Environment and aquaculture in developing countries

Environment and Aquaculture in Developing Countries

With an increasing demand for food: energy and space by a growing population, the pressure of exploitation is reaching alarming levels on an increasing number of species and over an expanding area.

To avoid overexploitation and loss, the resources essential for human survival must be used efficiently and wisely. This requires channeling their utilization in ways that fulfill multiple and complementary objectives wherever possible.

Modern aquaculture appeared at a time when many claims for use of the resources had been made and the competition was growing for those niches still available. Labor was becoming increasingly expensive, leading to intensification in terms of rationalization and mechanization to reduce costs.
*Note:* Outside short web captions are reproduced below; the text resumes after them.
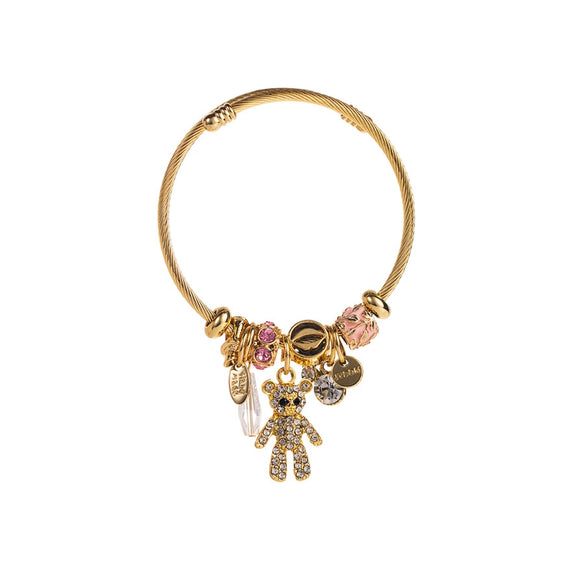 Alloy Titanium Steel Animal Geometric Pendant Opening Adjustable Unisex Bracelet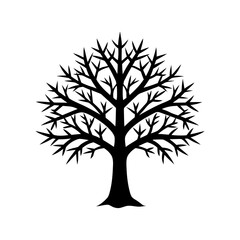 Obraz premium Snow-covered tree silhouette vector on white background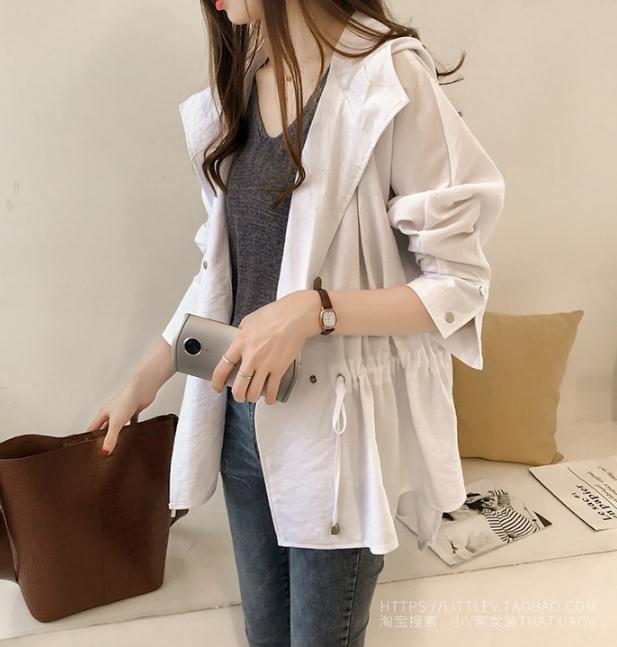 Women Clothes 2021 New Loose Hooded Windbreaker Spring And Autumn Mid-Length Slim Long Sleeve Cardigan Solid Color Size Jacket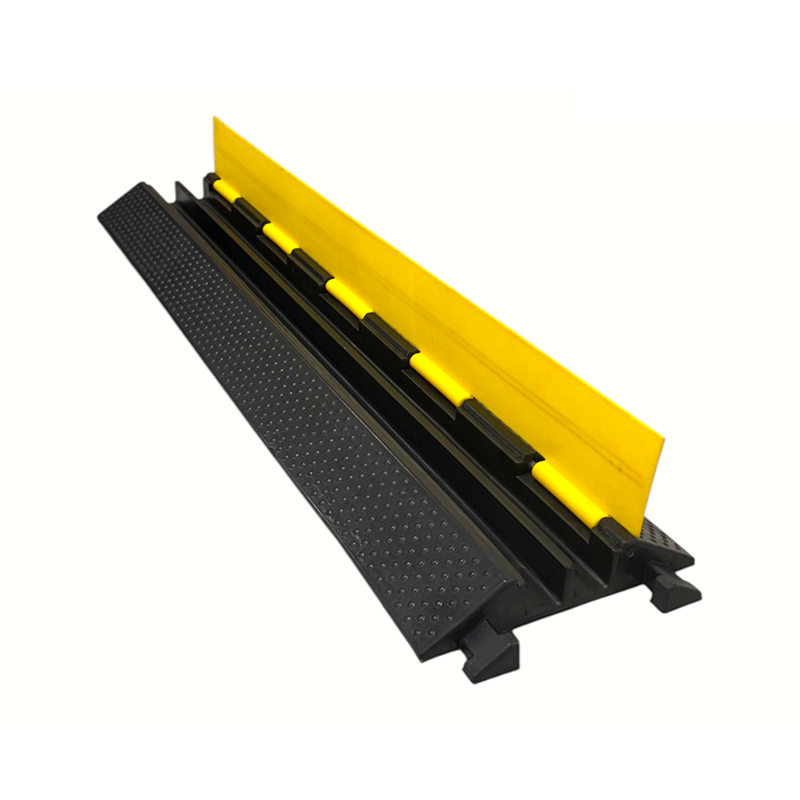 Base en caoutchouc de qualité technique, couvercle jaune, protecteur de câble robuste à 2 canaux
This meant higher stocking densities and higher demand for feed and energy. Among the most immediate environmental consequences were overloading of the waters with nutrients, contamination with chemicals for the treatment of diseases and pests, and ecological damage through the installation of voluminous infrastructure.

The demand for feed increased the pressure on other living resources such as small pelagic fish utilized as fishmeal. Most of the more conspicuous mistakes made so far were committed by developed countries.
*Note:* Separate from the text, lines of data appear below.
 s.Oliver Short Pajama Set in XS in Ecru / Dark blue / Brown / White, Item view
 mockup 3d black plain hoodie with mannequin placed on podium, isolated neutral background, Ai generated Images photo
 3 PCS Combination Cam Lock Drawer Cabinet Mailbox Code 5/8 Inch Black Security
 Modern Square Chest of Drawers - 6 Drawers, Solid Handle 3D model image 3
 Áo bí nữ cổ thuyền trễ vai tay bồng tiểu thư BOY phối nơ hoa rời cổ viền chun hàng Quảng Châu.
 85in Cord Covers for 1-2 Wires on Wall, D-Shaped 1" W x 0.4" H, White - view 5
Some at least could have been avoided through more awareness, foresight, and readiness to renounce fast profits which were both questionable and harmful in the long term. The most important lesson to be learned from the past is more consideration for the need to understand better the environmental and social context in which aquaculture is being developed.

Such a better understanding should then lead to the establishment of a general policy to guide development action in the most promising directions and to keep negative side effects to a minimum.